▶ [Work order]:
Gather all lines in the data that hold the string "Steel".

▶ [Supplied data]:

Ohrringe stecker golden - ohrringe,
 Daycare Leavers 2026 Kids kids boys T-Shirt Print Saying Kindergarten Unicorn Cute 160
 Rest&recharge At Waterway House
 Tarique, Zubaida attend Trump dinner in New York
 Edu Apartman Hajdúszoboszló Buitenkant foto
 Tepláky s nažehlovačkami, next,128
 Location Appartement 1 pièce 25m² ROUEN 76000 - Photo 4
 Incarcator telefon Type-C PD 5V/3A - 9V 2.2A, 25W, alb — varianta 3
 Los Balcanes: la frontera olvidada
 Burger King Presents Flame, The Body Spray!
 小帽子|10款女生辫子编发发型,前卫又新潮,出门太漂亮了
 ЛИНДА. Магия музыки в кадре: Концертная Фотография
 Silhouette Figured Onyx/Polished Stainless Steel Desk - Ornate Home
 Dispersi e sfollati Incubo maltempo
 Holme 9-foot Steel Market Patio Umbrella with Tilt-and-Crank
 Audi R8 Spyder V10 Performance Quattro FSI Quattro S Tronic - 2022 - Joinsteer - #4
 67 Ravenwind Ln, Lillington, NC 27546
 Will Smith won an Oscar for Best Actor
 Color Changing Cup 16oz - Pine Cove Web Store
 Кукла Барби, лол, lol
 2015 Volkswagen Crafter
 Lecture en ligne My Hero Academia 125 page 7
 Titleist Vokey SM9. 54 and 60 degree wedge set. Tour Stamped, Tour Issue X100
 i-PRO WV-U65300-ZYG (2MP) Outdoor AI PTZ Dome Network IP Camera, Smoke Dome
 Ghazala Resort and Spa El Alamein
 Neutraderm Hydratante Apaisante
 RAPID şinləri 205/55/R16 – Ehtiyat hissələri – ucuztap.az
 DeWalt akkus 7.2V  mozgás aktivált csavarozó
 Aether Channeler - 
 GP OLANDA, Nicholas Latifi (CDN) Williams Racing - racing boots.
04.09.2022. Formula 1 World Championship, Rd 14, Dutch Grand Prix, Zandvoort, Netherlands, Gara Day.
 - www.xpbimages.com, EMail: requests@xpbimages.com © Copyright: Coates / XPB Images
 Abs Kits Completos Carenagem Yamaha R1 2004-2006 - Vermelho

▶ [Solution for this exercise]:
 Silhouette Figured Onyx/Polished Stainless Steel Desk - Ornate Home
 Holme 9-foot Steel Market Patio Umbrella with Tilt-and-Crank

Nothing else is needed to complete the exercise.